While these graduates may be sharing the same stage, fall graduates and spring graduates usually experience the onset of post-grad life differently. During a normal year, a fall graduate may have more opportunities at their disposal than a spring graduate, but amid the pandemic, we are all in the same sinking boat. 


Earning a degree is a defining moment in a student’s life. We have looked forward to photo-ops in our caps and gowns, our names being called from a podium and finally holding our hundred-thousand dollar diploma for our families to see. This exit from education is meant to propel us into a new stage of adulthood and independence. It is one of the only events in life where the ending doubles as a new beginning. 

We spent four years building up to this milestone, only for it to be snatched from under our feet. Although we are incredibly lucky to be offered an alternative commencement, it is still a crushing blow to deny us the expectation we have built over the last four years. We will not be wishing farewells to our university in the wake of a roaring applause, but rather to the simple goodbye of a silent wave. The door to college closes behind us without any space for closure. 


Most employers hire in cycles. At the beginning of every year, they plan out an annual budget and every fall they need to prepare for the holiday surge, marking those months as the best time to get hired. For winter graduates, this puts us at a slight advantage under normal circumstances. We apply during the new year’s employment wave with less candidates to compete for jobs. However, spring graduates have the reprieve of summer for internship opportunities and time to apply for fall openings, while winter graduates lack that post-college gap. This leaves them with less time to jump on the job hunt if they are going to be hired right after graduation. 

With COVID-19 cases on the rise and companies still struggling to get back on their feet, shopping for a career seems dauntingly bleak. In addition, we are now competing with the spring graduates who have similarly been stranded in unemployment throughout the pandemic. Because of this virus, the milestone of a first real job might be set back for months, or years, for 2020 graduates.


The excitement of graduation is always paired with the fear of social separation. Friends disperse across city, state and country lines in pursuit of new lives and careers. We wonder how we will build new relationships outside of future coworkers when our previous friendships flourished in shared classrooms or dorms. Finding new housing and compatible roommates is terrifying without the security of sharing it with another Biola student. Dating becomes more complex than sparking up a conversation with a cute classmate. 

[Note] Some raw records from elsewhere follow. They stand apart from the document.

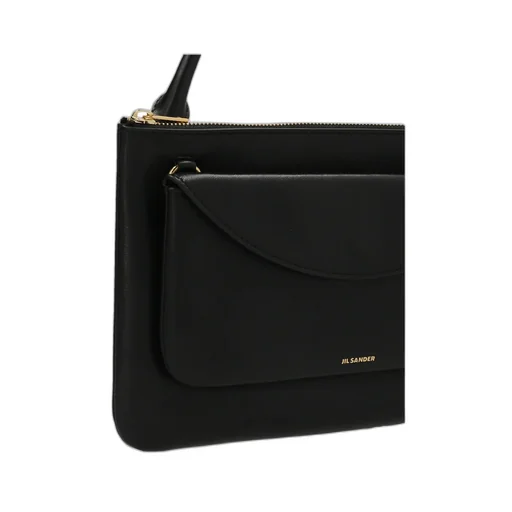 Jil Sander Logo Printed Zipped Tote Bag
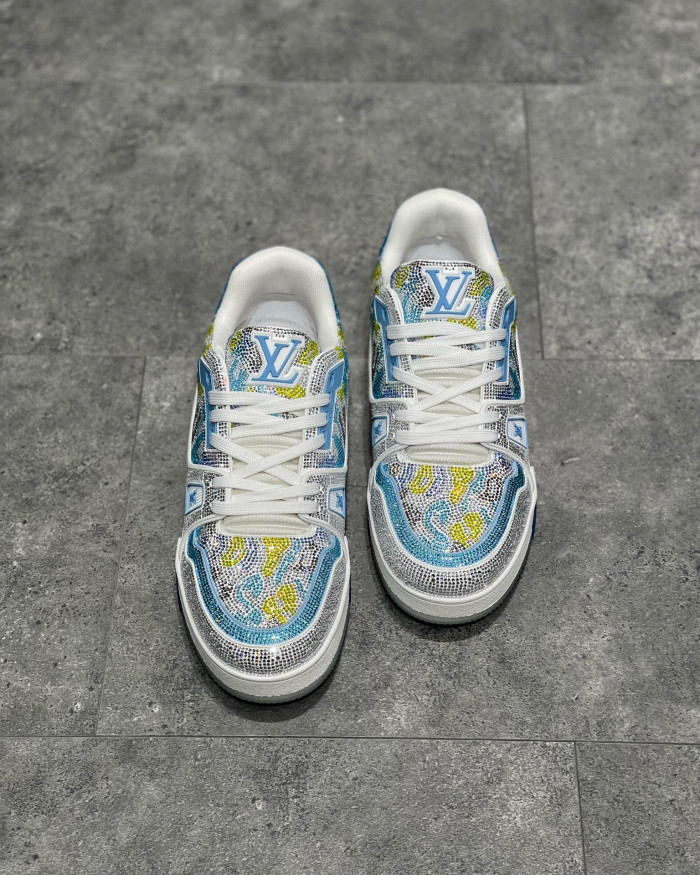 Louis Vuitton Low-Top Trainer With Sparkling Crystals Sneakers Shoes #nigo6523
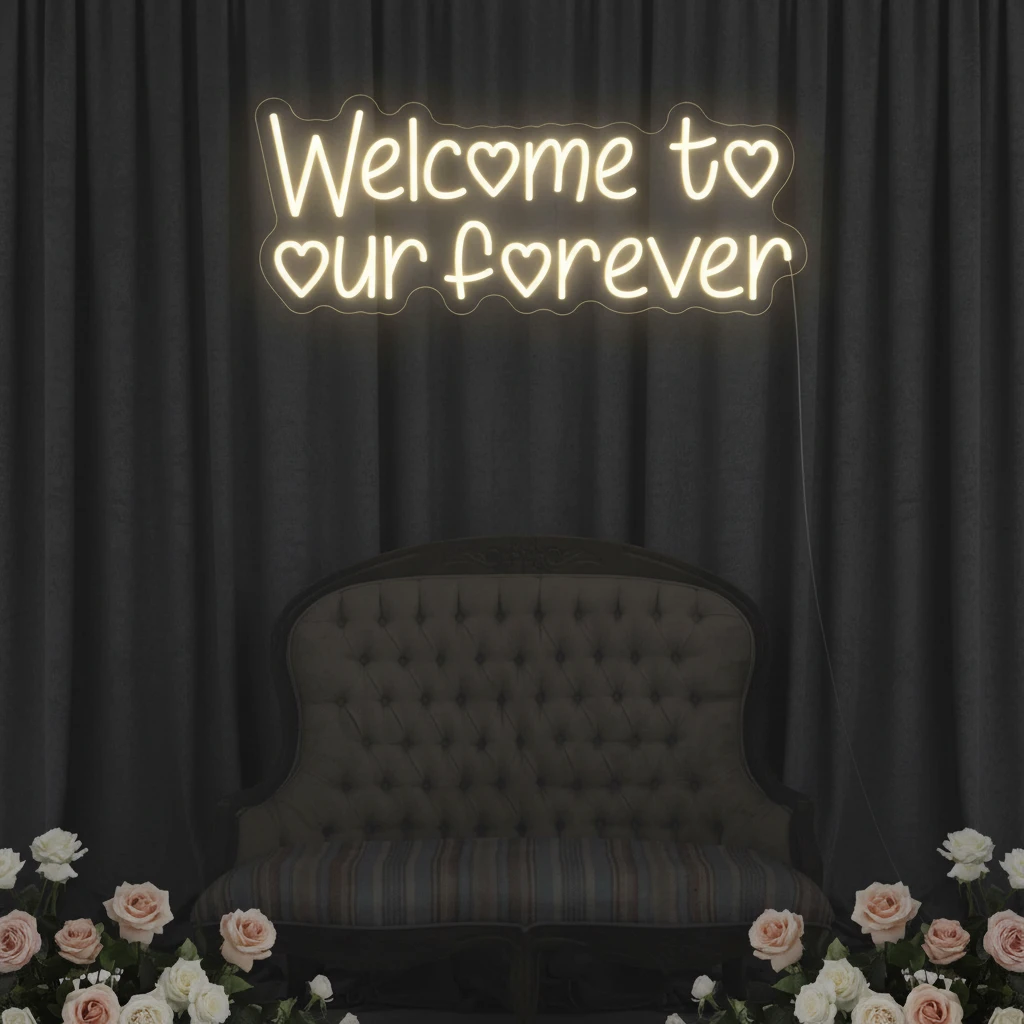 Welcome To Our Forever Wedding Neon Sign by Neonchics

For some people the pandemic has eliminated some of these fears, but quarantine has planted new fears in their place. Visiting friends will not only be inconvenient, but possibly unrealistic with lockdowns being reinforced. Forming friendships with coworkers may not be an option if a job only meets remotely. Some may be stuck at their parents’ house because moving out is now unaffordable. Ring by spring—or for winter graduates, planning wedding bouquets by the winter holidays—has been complicated for graduating couples. As for graduating single people, entering adulthood without a significant other to provide that relational stability can seem lonely. 

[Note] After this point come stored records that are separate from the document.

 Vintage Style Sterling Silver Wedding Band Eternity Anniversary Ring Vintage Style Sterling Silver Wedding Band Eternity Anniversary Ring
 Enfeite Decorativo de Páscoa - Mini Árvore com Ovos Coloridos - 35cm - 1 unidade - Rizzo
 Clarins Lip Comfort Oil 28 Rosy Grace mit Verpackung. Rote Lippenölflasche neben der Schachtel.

We have already experienced how this pandemic has separated us throughout this year, but at least we have had classes to fill some of that social loss. Graduating will remove that remaining connection. 

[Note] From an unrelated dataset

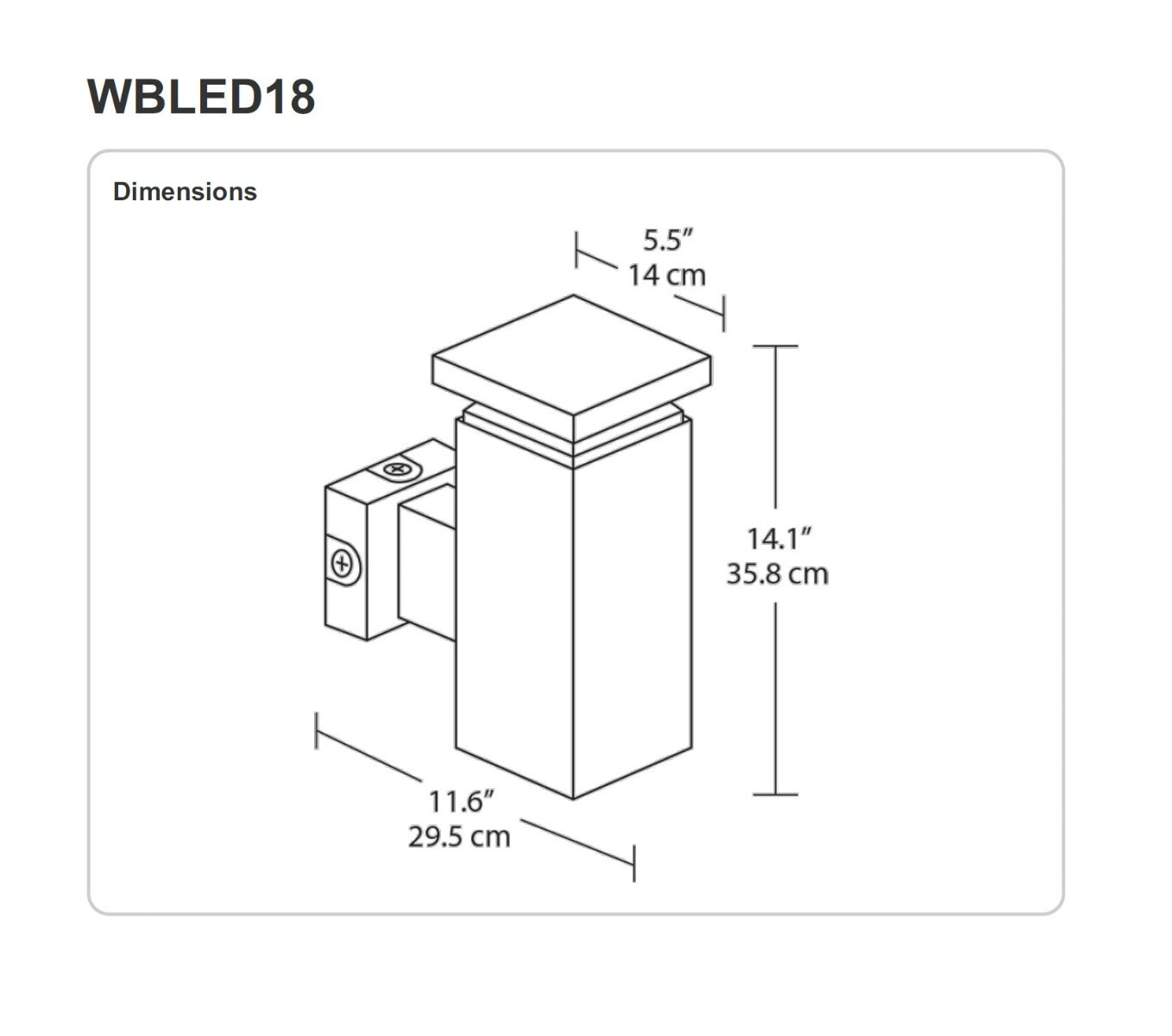 Dimensions RAB Lighting WBLED18 18 Watt LED Square Decorative Wall Sconce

This pandemic has defined the beginning of our adulthood. Instead of being generic graduates, we will be receiving a degree as survivors of a deadly virus. In the face of our closing college careers it may seem discouraging to miss out on so much, but we cannot predict how this will shape us. Paul promises in Romans 8:28 that “God works for the good of those who love him.” He has the power to bring good out of this unfortunate situation, even for us graduates, if we would only have the patience to see what the “good” turns out to be.